ValueError: cannot convert float NaN to integer
evamaxfield commented 6 years ago

@vianamp Did you upload this dataset?

vianamp commented 6 years ago

Yes, well, at least I think so. I did: ds.upload_to(prod)

evamaxfield commented 6 years ago

Did you do any dataset prep before upload? Reindex, sort, etc? I ask because this is the exact same issue we had previously when a dataset was sorted but not reindexed.

vianamp commented 6 years ago

Yes. Feature datasets have been re-indexed by cell_id.

evamaxfield commented 6 years ago

After you re-indexed did you dataframe = dataframe.reset_index(drop=True)?

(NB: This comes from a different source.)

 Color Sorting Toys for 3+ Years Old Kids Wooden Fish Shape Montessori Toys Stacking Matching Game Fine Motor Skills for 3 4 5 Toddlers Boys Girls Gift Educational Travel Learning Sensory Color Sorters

I think I sent a channel message that said I was going to add that in as automated but I never did so I think that might be the issue. If you did not do the above I will patch and push and also delete the dataset (but not the Iota) so you can reingest.

vianamp commented 6 years ago

I did not. Sorry. Please let me know when it is ready for reingest.

evamaxfield commented 6 years ago

No worries totally my fault, I forgot to add that one line lol.

evamaxfield commented 6 years ago

Do any other datasets need to be deleted as well?

vianamp commented 6 years ago

Thanks

evamaxfield commented 6 years ago

Those datasets have been purged and the reset_index patch (v1.0.27) has been pushed (You should be able to just push your prepped dataframe into a dataset without having to worry about index like you did) please try ingest and pull again please. I will close this issue when you let me know the get_dataset worked properly.

evamaxfield commented 6 years ago

Tested after patch, get_dataset runs to completion. Marking as closed.